During the troubling year of 1635, Drummond was for a time commander in Erfurt, where he had to suffer much from the attacks of the Saxons, and reported in Egeln personally to Banér about the actions of William, Duke of Saxe-Weimar. Towards the end of 1635, he seems to have been placed in Stettin again. Early in 1636, Drummond took part in Baner's and Herman Wrangel's defense of Pomerania against the Imperial Army of Matthias Gallas. Drummond complained in a letter to the Chancellor Axel Oxenstierna of his poor finances. Under Wrangel, Drummond participated with distinction in the conquest of Gartz in 1637, and subsequently became its commandant. When the city was taken by surprise by Brandenburg–Prussian troops in 1638, Drummond was wounded and captured. He was first taken to Kustrin. Drummond's last letter to Oxenstierna, dated Spandau 12 March 1638, is appended a report on the fall of Gartz. As a new colonel of the Kalmar regiment was appointed on 24 May, Drummond must have died before then.

==Personal life==
Drummond was born in Scotland in 1593, the son of David Drummond of Belliclone and Margaret Graham of Arbenie. Drummond's grandfather was the second son of William, Master of Drummond, and the first of the house of Belliclone.

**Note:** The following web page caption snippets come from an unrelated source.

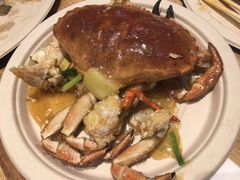 -盒马鲜生(宝地店)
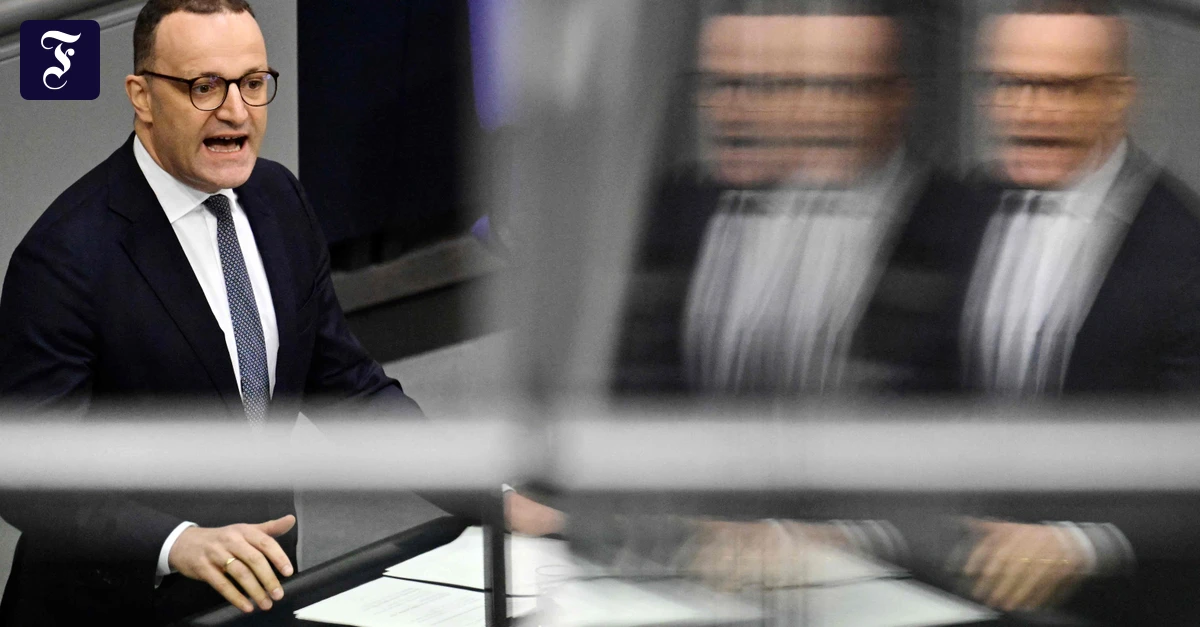 spahn-anfang-juli-im-bundestag.webp.webp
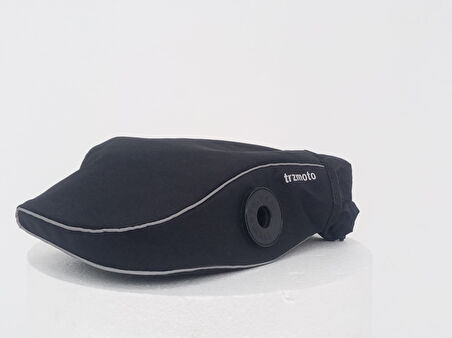 Motospartan El Koruma Delüx Honda Pcx 125 2025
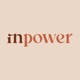 Inpower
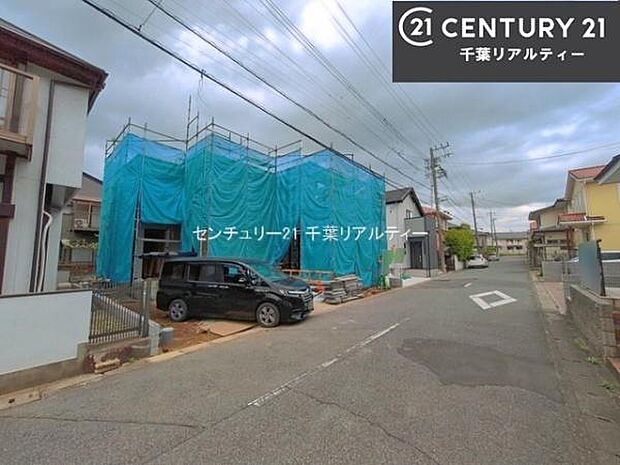 周辺環境や、お客様のご希望に合った物件も一緒にご案内を致します。住宅ローンアドバイザーによるご相談も承ります。当社はお問い合わせに即対応します！お待たせしません！
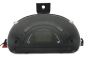 Tacho Kombiinstrument Citroen C2 C3 P9650735480 G 01 49600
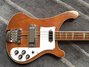 Rickenbacker 4001/4 , Autumnglo: Body - Front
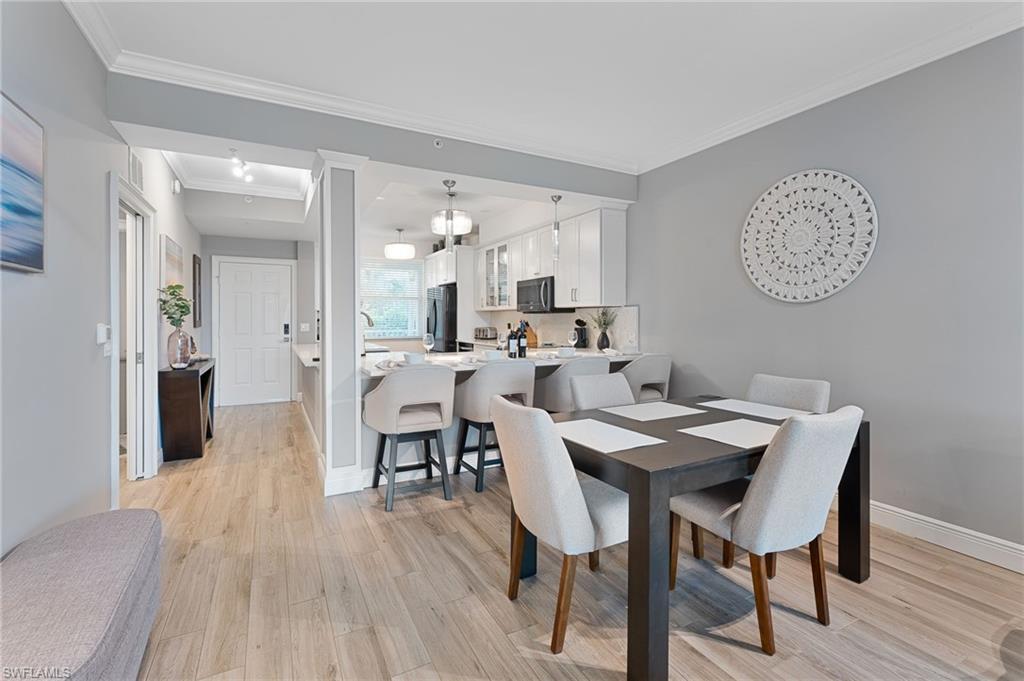 2710 Cypress Trace CIR # 3026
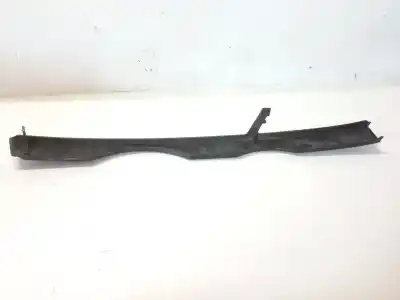 Tweedehands auto-onderdeel vorming voor bmw x5 (e53) 4.4 i oem iam-referenties 51138402647  8402647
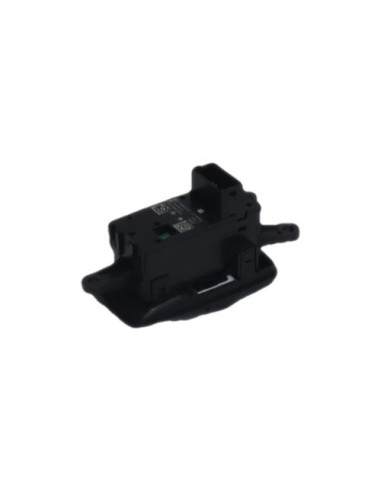 Bouton/Interrupteur BMW X1 F48 PHASE 1 Essence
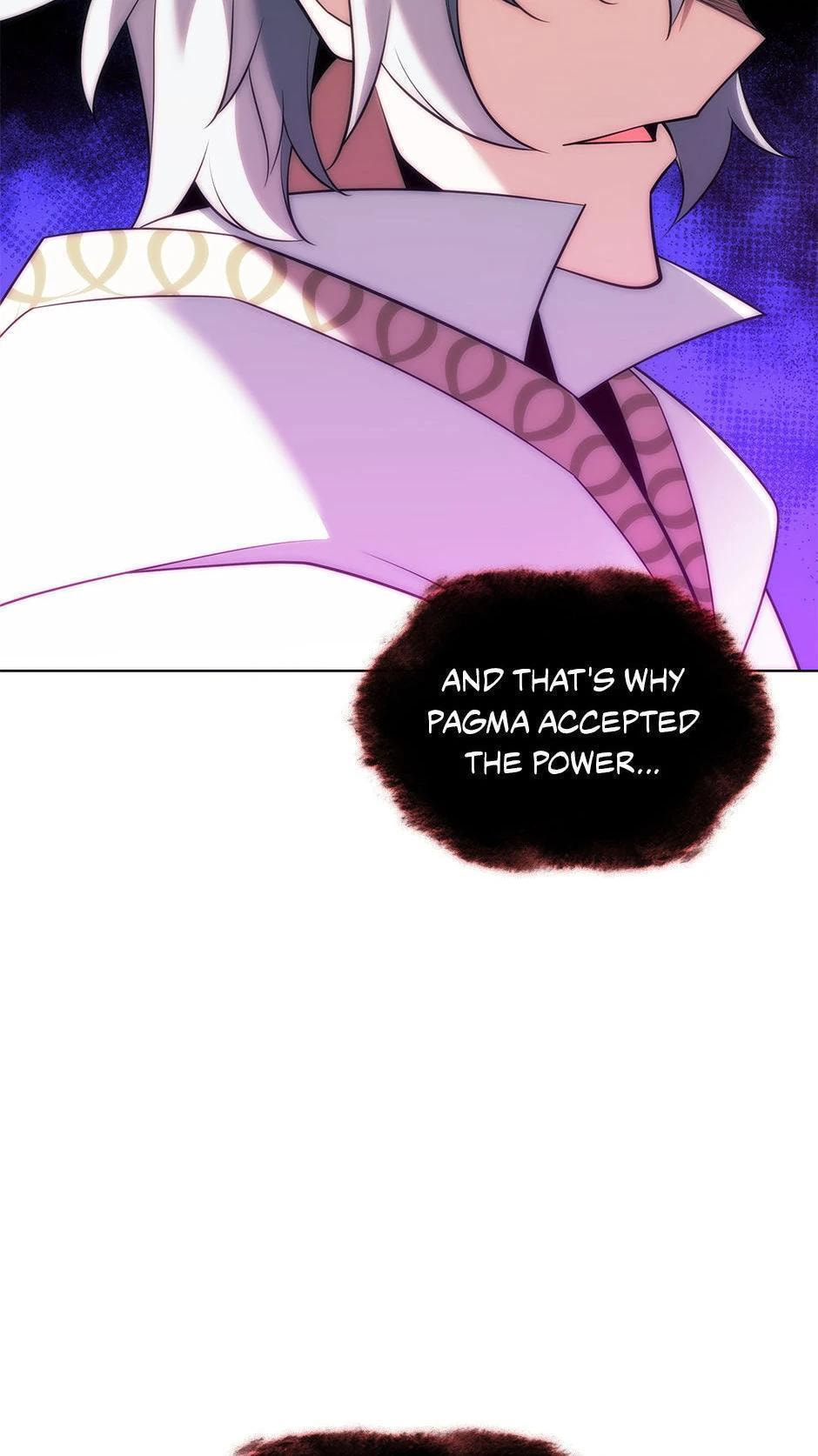Read Overgeared (Team Argo) chapter 206 image 97 on Lezhin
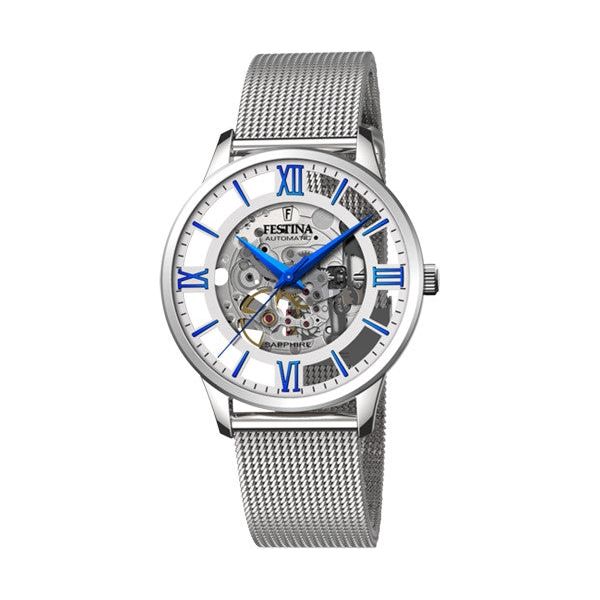 FESTINA WATCHES Mod. F20534/1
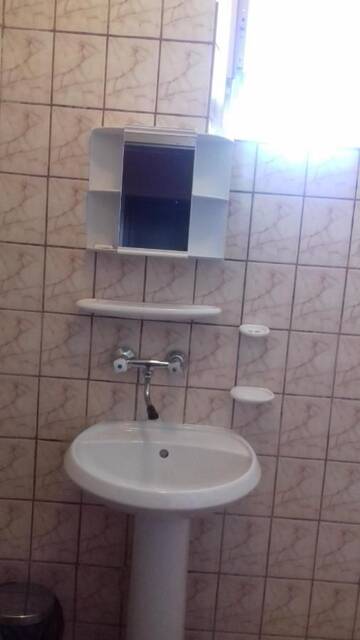 Фото номера Семейный люкс Гостевой дом Guest House Sun г. Кранево 3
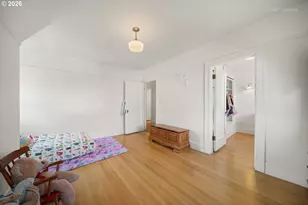 6533 SW 34th Ave, Portland, OR 97239 - Photo 31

He was married to Baroness Cecilia Spens, daughter of James (Jacob) Spens, Swedish friherre Spens and Agnes Durie. The marriage had no issue. In 1627 he was knighted together with Patrick Ruthven and Alexander Leslie. Drummond was in 1631 enfeoffed with the manor of Slevringe in Åtvids Parish, that he had held as an official residence since 1619. After his death it was held by his widow through a letter patent of 1639. His widow managed to bring his body home in 1643, and had it buried in the Riddarholm Church. After her death in 1645 Slevringe was forfeited to the Crown.